Tatooine Bad Boy

Kaz 1.1b

I didn’t hear Kari approach. The waif like figure stood there for several seconds before I realised I was staring at her, just as she was at me. I dropped my gaze back to the floor and said nothing. I’d pretty much got used to seeing her like this- stood staring at something inconsequential. Occasionally that thing was me. It had freaked me out the first few times, but after a few weeks I’d come to see her as just another part of the ship. It sounds cold, but I had a feeling that’s how she saw herself too.
I looked up again as she held out a crude, off the shelf communicator. The spoils of a visit to the market, I assumed. Well, at least someone had made it through the day without jepoardising the entire mission.
“It’s a communicator. We’re on channel six”
I nodded slowly, lacking the will to reply, and reached out for the device. A delicate thing, easily crushed in a clumsy moment, just like… I stopped myself. This was ridiculous, I knew deep down that whatever had come over me was temporary, some bad vibe I had unwittingly picked up on, but the knowledge did nothing to help overcome the feeling of hopelessness. Why couldn’t I just control this? Since I found out that this hypersensitivity might be something I inherited from my father I’ve had hope that maybe I could learn to control it, to block out the negative emotions and perhaps refine it into something that could actually help. But now… this… the tide of sorrow that had swept over me brought new definition to the nagging sense of inadequacy that was my constant companion. I couldn’t control this any more than I could halt the winds on Bespin, and if I couldn’t control my feelings what hope did I have of taking control of my life?

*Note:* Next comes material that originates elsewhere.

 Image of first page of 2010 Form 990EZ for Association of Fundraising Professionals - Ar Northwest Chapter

“What’s wrong?” Kari blurted out, startling me from my mental spiral of self recrimination. “I mean…uh…”
I stared up at her once more as her face reddened. I knew she was uncomfortable around me, and this was probably the most she’d said to me since I came aboard her ship. This wasn’t some automatic, mechanical response. Kari had clearly stepped out of her comfort zone to reach out to a fellow human being. It was enough.

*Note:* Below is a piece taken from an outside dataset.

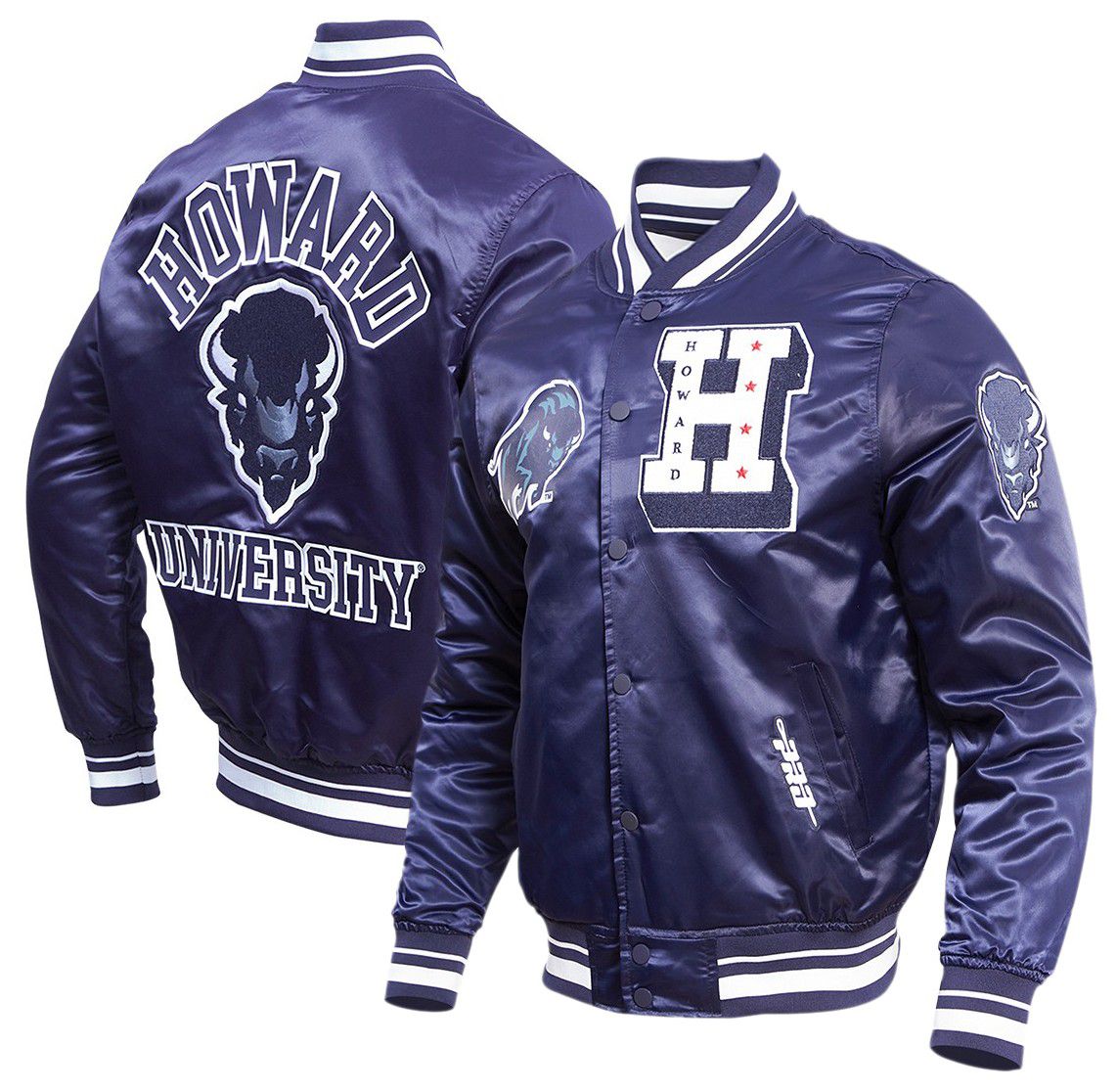 Pro Standard Men's Howard Bison Navy Classic Satin Jacket product image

“Do you ever wonder if there’s even a point? I mean…what’s it all for?” Vague, meaningless, inadequate words, the condensation from a fog of raw emotion, unprepared for speech. I searched in vain, tried again and again to come up with words to somehow express the futility of it all, but nothing came. That slight chance, that momentary, barely spoken connection had nearly been enough to bring me back to reality, but when I looked up Kari had gone.